__Goal of the exercise__. The answer must consist solely of the lines from the one containing "Rozpędzony do prędkości" through the last line of the records, set down exactly and without any pictures.
┏━━
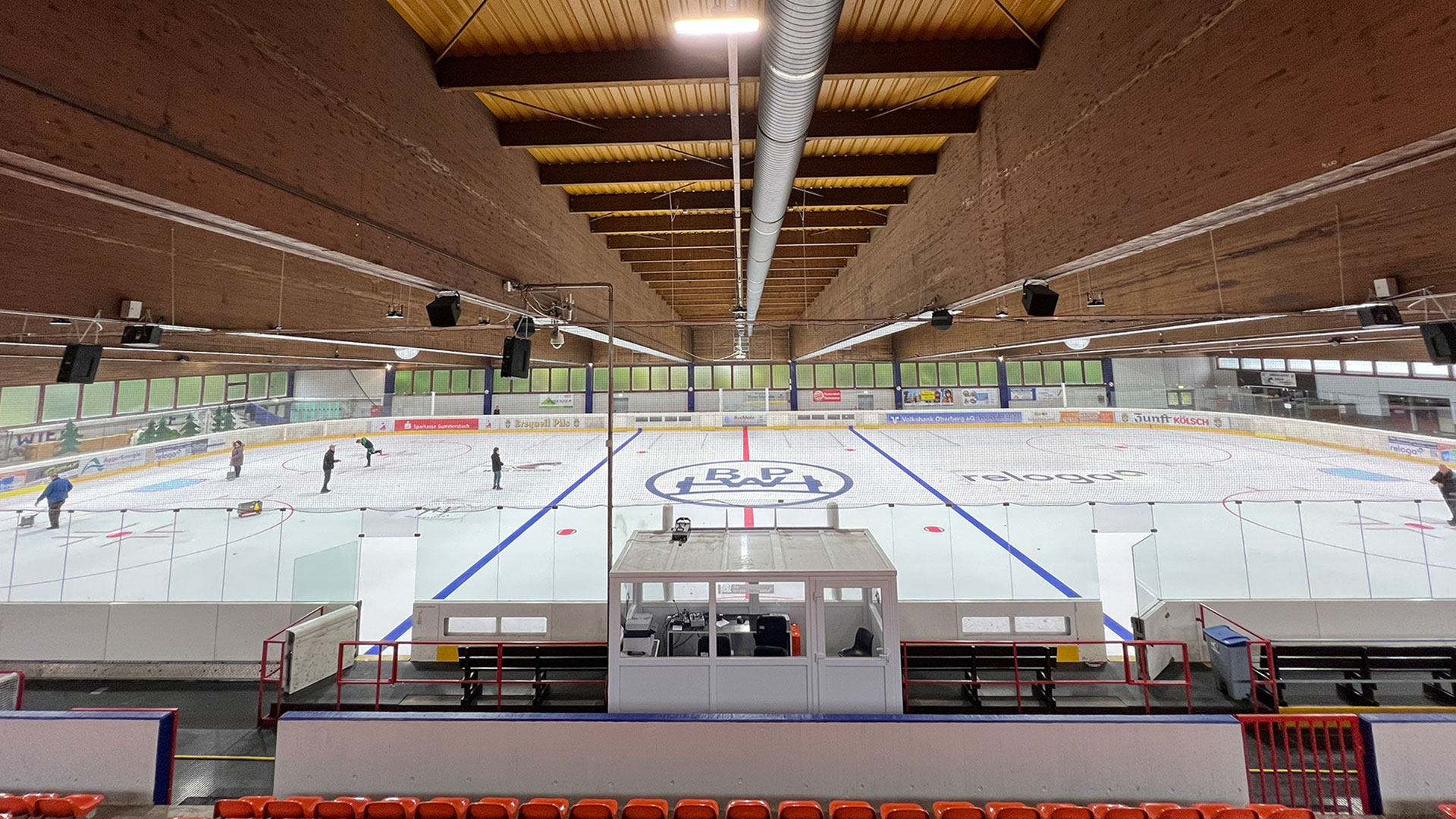 Endlich wieder Eiszeit in der Eissporthalle Wiehl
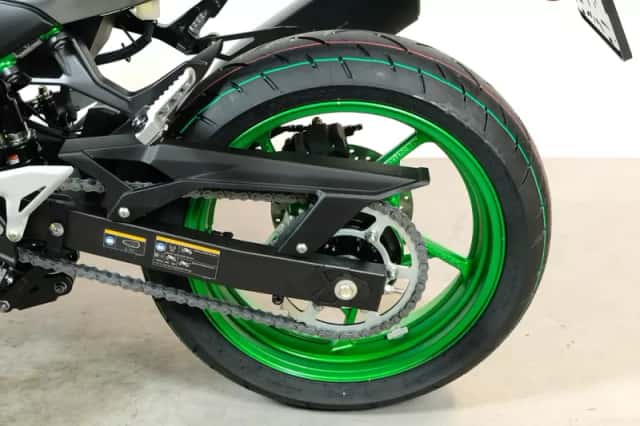 Kawasaki Z 500 SE (2026) thumbnail 4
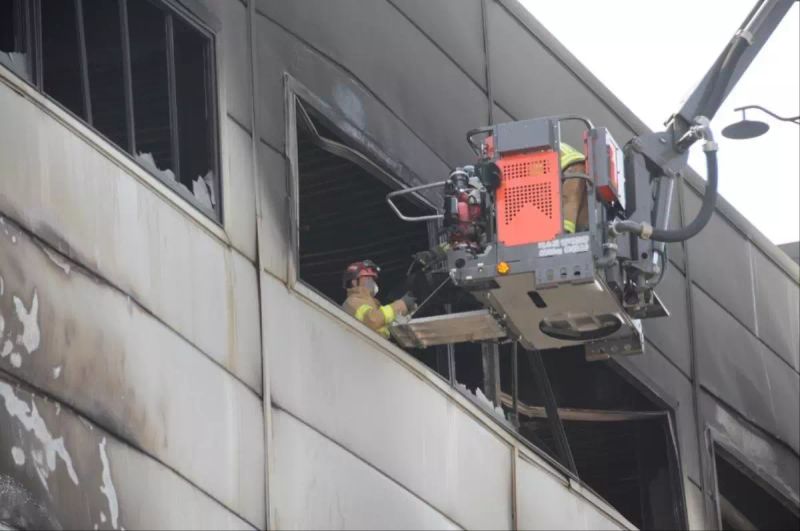 Daejeon'daki Otomobil Parçaları Fabrikasında Yangın: 11 Kişi Hayatını Kaybetti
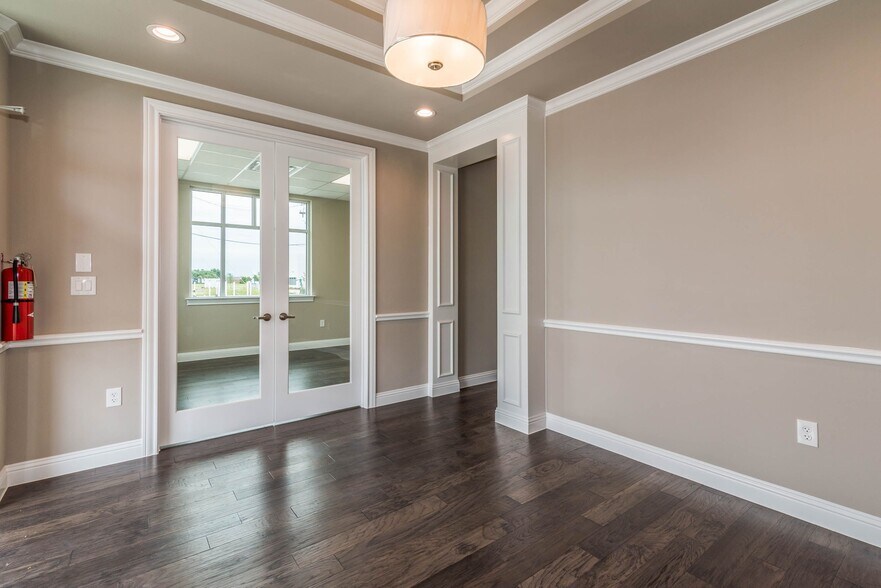 More Photos Of 333 E Bethany Dr, Allen Medical For Lease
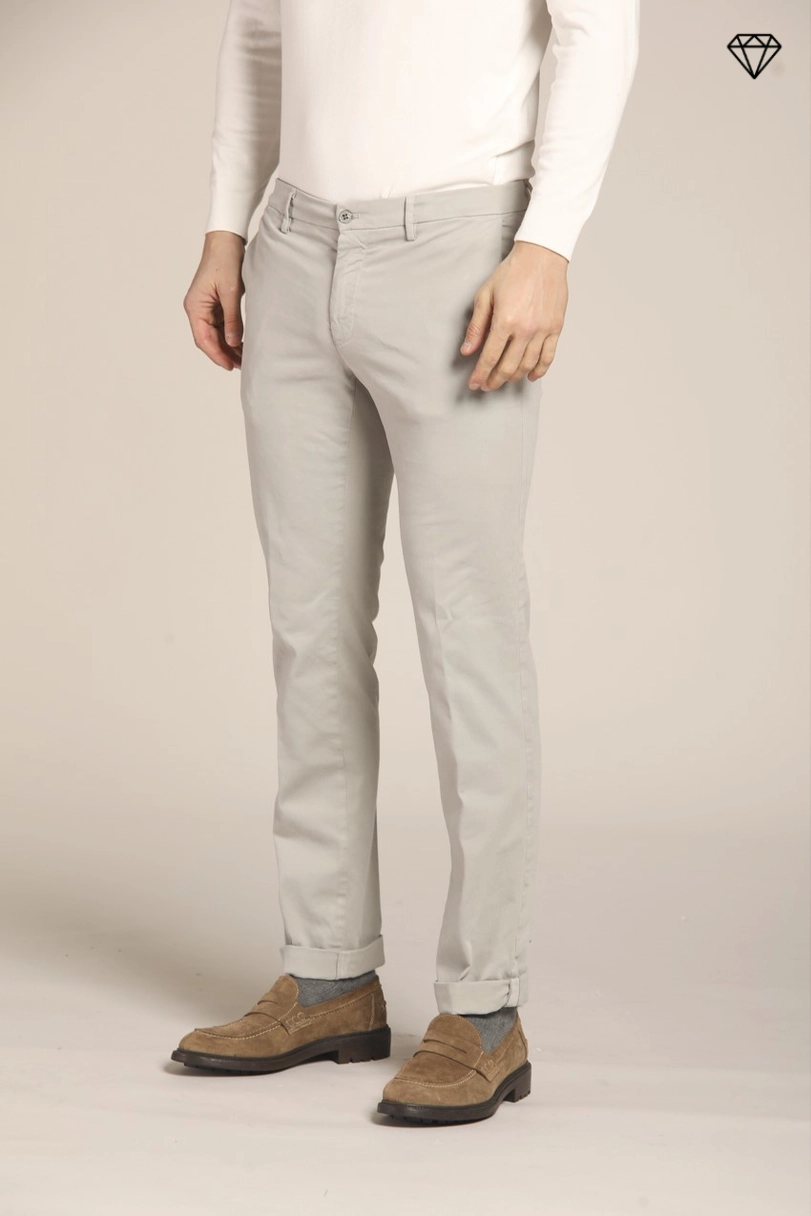 New York men's  chino pants in gabardine  stretch regular fit ①
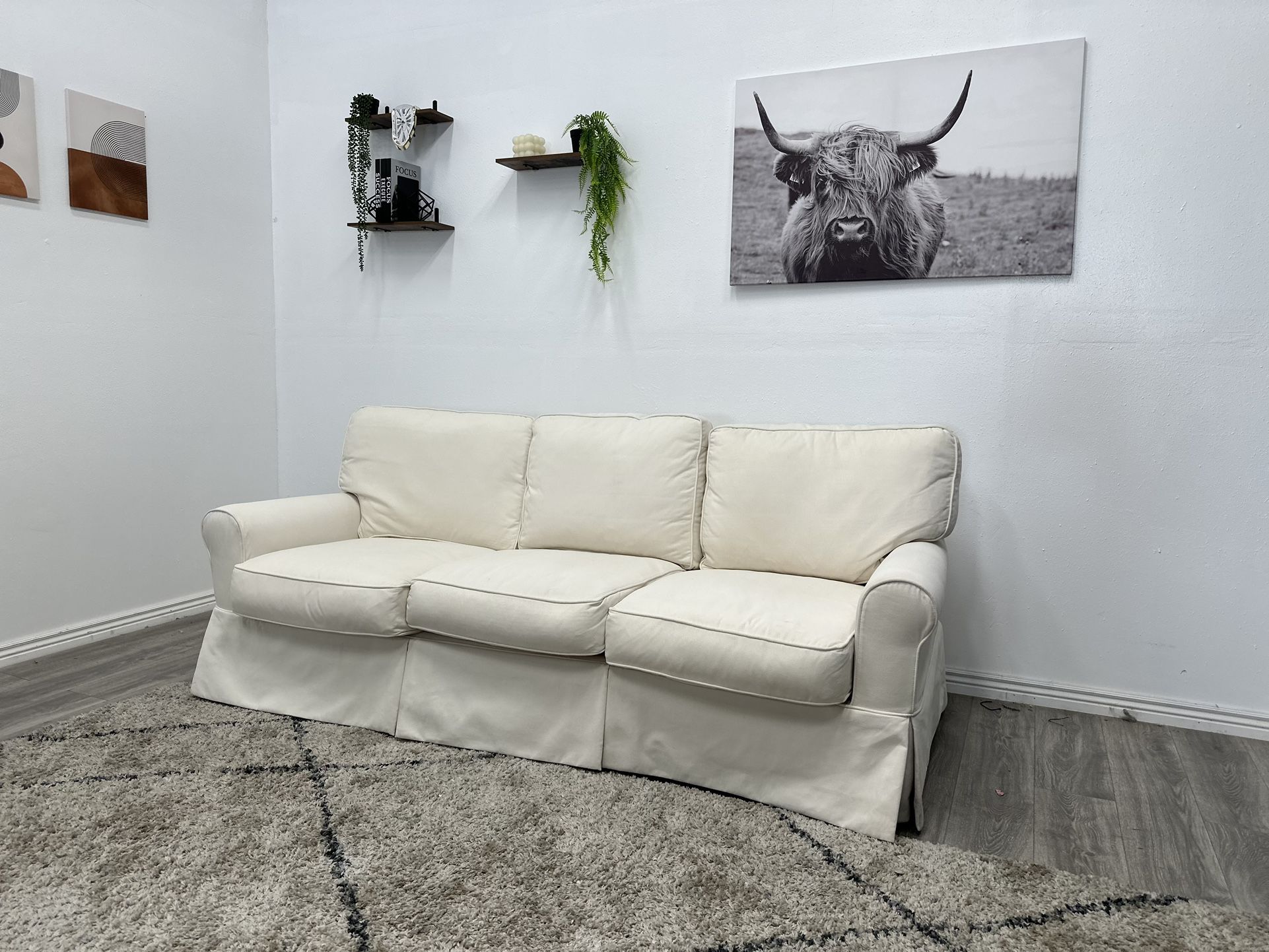 White Couch 90x40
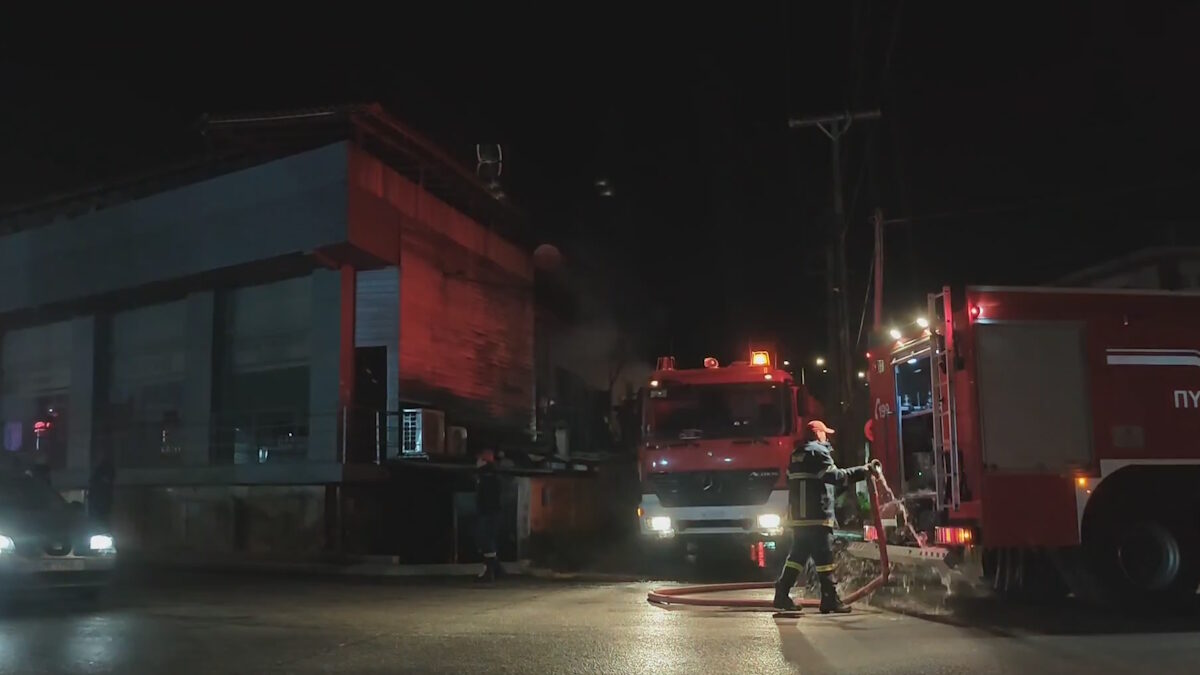 Δυνάμεις της πυροσβεστικής υπηρεσίας στο σημείο της φωτιάς στη Βάρης - Κορωπίου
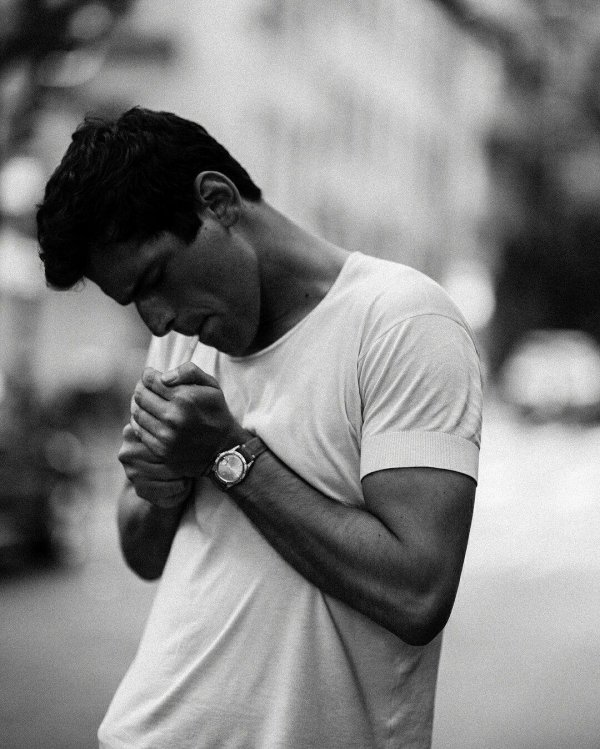 Черно белые для мужчины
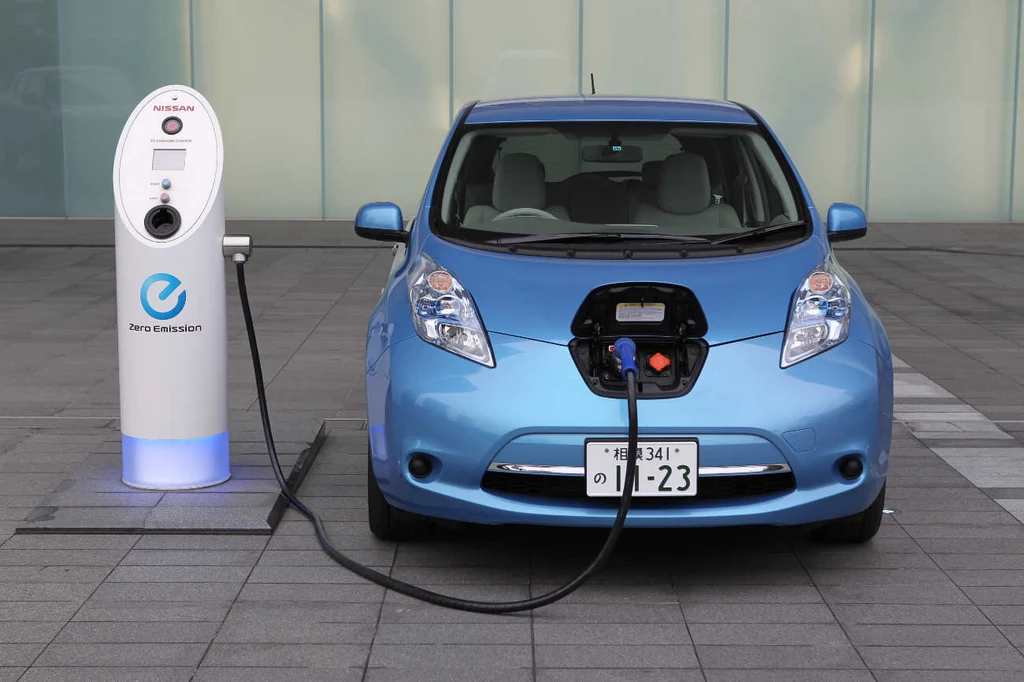 Rozpędzony do prędkości maksymalnej 11-letni Nissan Leaf przejechał niecałe 35 km zanim skończył się prąd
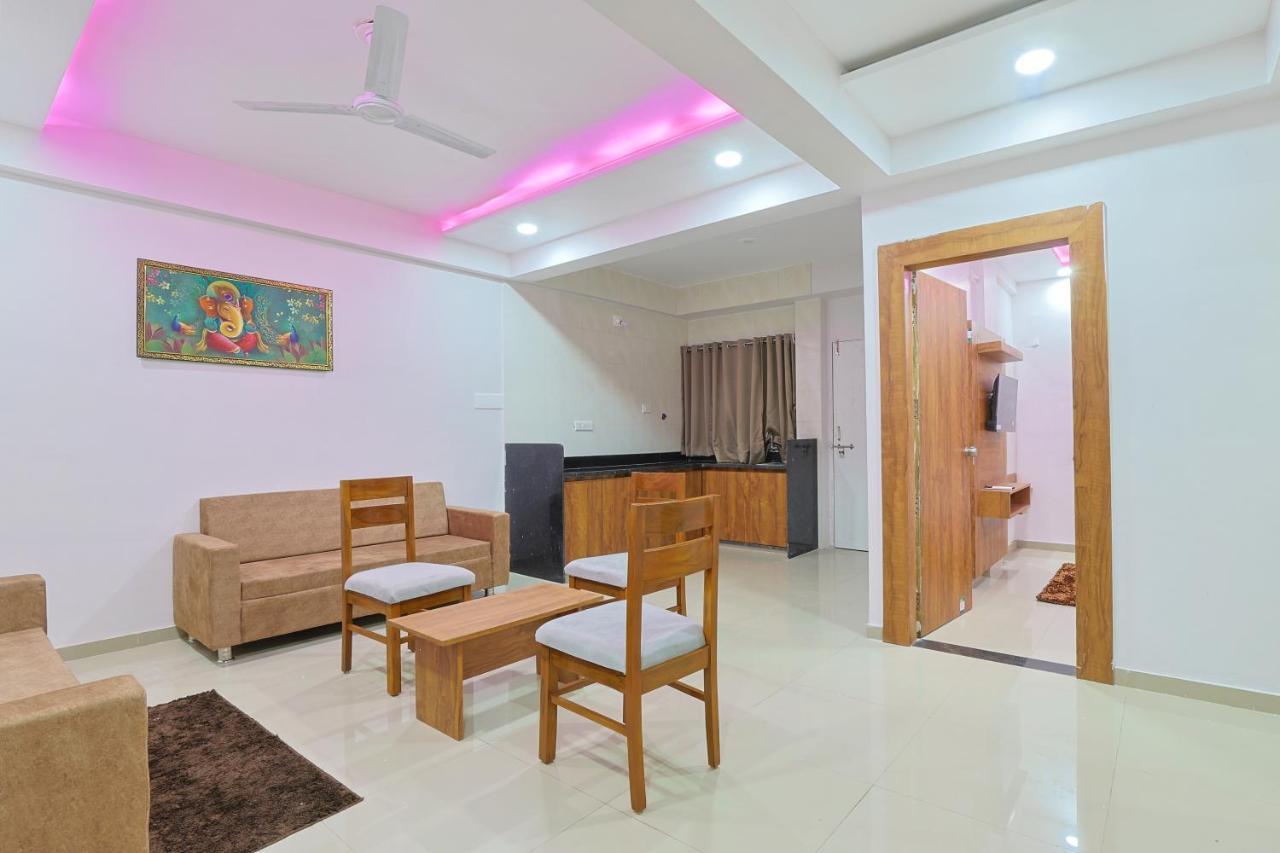 Hotel Monville Group Вадодара Экстерьер фото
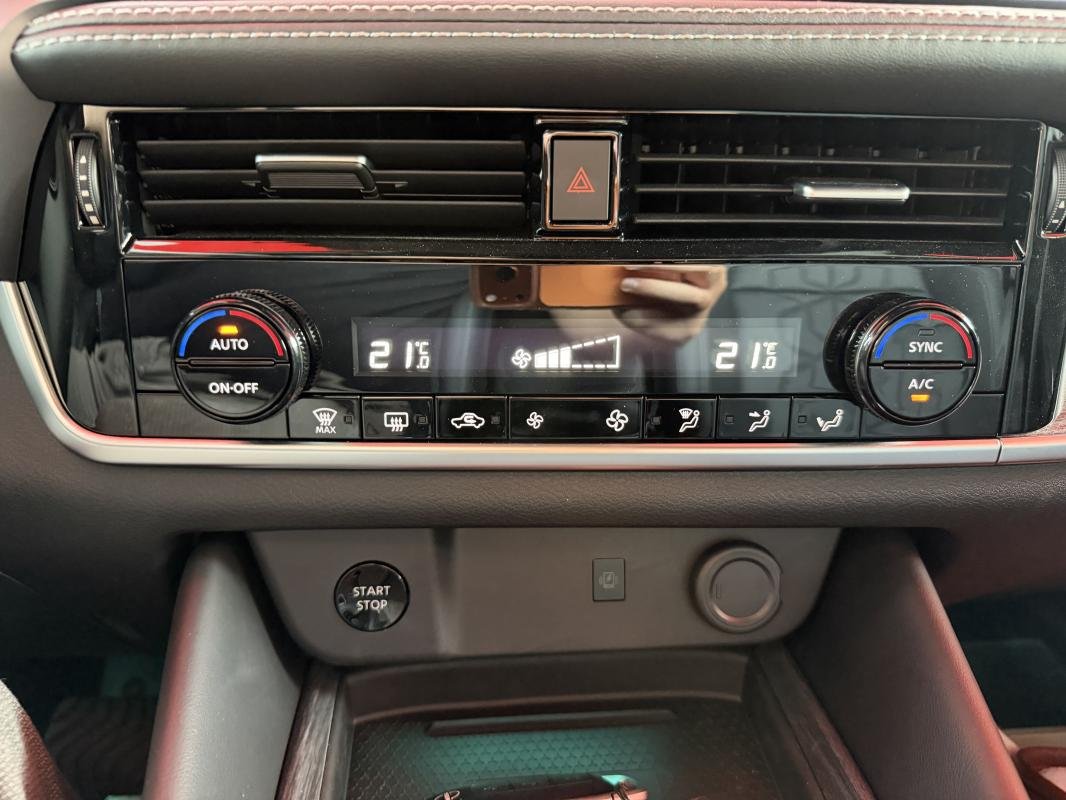 Nissan Qashqai - Photo 22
┗━━
__Answer area__.
 Rozpędzony do prędkości maksymalnej 11-letni Nissan Leaf przejechał niecałe 35 km zanim skończył się prąd
 Hotel Monville Group Вадодара Экстерьер фото
 Nissan Qashqai - Photo 22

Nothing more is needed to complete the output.